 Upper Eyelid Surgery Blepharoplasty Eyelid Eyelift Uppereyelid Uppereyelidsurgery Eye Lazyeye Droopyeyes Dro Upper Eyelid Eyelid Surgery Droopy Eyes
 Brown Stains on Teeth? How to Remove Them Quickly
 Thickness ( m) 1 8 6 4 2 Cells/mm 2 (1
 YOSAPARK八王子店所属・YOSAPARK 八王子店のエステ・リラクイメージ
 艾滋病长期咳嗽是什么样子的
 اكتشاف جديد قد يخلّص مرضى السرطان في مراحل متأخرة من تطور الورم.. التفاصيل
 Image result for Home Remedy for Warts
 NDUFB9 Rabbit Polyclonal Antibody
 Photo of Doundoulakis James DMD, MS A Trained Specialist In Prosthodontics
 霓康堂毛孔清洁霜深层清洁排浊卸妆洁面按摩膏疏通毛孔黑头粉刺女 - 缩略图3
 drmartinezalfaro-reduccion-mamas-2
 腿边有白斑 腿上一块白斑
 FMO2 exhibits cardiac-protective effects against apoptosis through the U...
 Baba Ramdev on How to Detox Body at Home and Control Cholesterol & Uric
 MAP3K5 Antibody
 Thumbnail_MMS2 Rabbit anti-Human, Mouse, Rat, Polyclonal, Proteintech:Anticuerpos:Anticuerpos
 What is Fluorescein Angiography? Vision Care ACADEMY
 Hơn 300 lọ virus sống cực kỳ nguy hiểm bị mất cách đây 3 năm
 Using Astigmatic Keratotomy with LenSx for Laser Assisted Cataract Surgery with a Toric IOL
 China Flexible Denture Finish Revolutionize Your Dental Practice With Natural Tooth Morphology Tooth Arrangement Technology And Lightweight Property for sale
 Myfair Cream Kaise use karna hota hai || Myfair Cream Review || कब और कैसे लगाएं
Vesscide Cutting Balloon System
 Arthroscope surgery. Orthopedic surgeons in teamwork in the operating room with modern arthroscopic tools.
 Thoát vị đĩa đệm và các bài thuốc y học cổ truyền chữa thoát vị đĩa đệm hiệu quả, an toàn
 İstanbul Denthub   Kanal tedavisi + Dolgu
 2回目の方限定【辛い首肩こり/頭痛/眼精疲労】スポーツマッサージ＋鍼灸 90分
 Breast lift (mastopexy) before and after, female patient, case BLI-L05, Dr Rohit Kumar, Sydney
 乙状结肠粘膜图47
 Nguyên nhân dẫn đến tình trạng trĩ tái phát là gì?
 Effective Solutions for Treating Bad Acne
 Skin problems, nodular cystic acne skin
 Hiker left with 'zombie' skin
┄┄┄┄┄┄┄┄┄┄┄┄┄┄┄┄┄┄┄┄
Assignment — Where does the word "Home" appear in the listing above? Copy every line that holds it.

Your response —
 Image result for Home Remedy for Warts
 Baba Ramdev on How to Detox Body at Home and Control Cholesterol & Uric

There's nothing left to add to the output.